PROMPT
Here the job is to transcribe the data exactly while omitting the images.

INPUT DATA
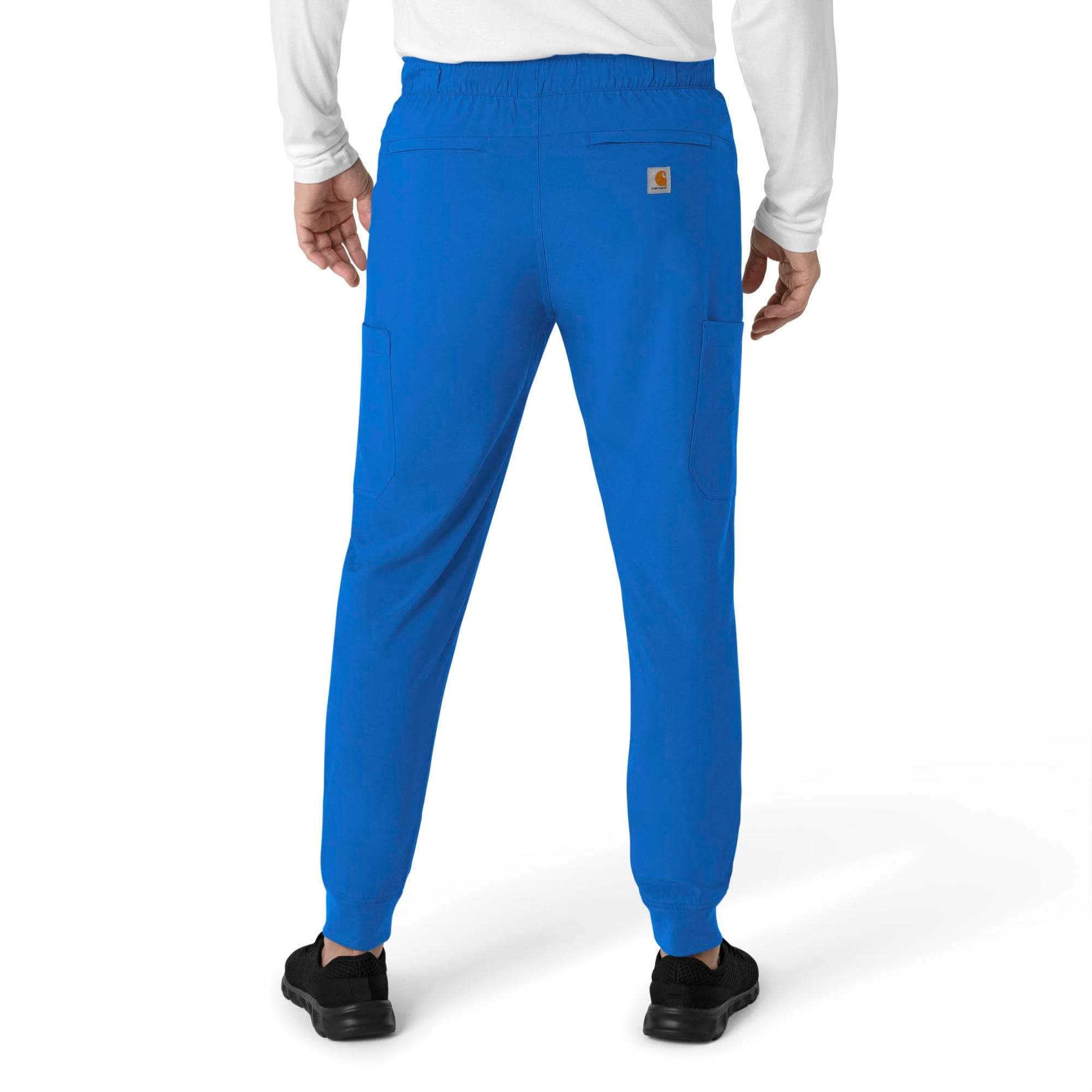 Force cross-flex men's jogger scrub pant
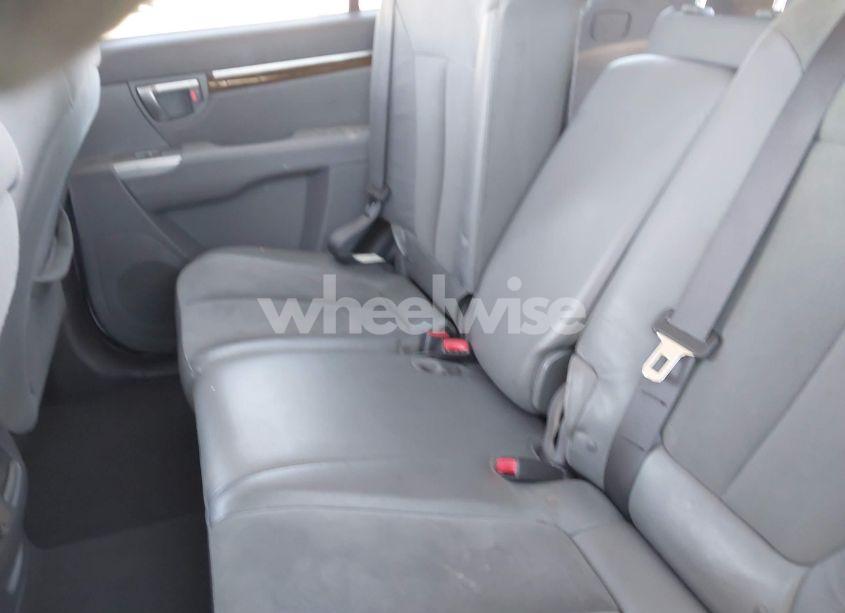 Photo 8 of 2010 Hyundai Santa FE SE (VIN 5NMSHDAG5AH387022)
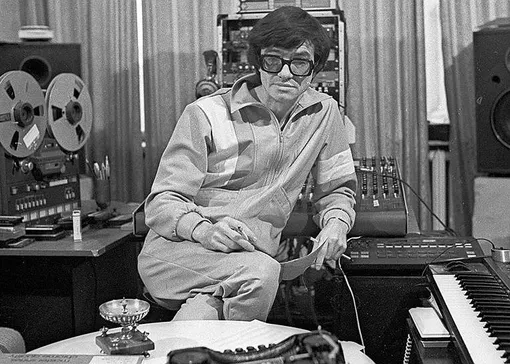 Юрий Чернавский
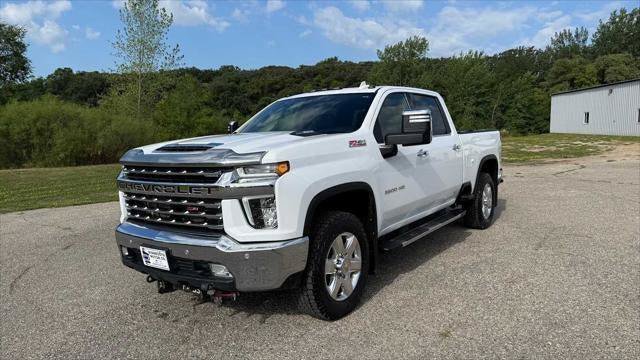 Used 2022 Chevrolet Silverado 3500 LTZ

WORKED SOLUTION
 Force cross-flex men's jogger scrub pant
 Photo 8 of 2010 Hyundai Santa FE SE (VIN 5NMSHDAG5AH387022)
 Юрий Чернавский
 Used 2022 Chevrolet Silverado 3500 LTZ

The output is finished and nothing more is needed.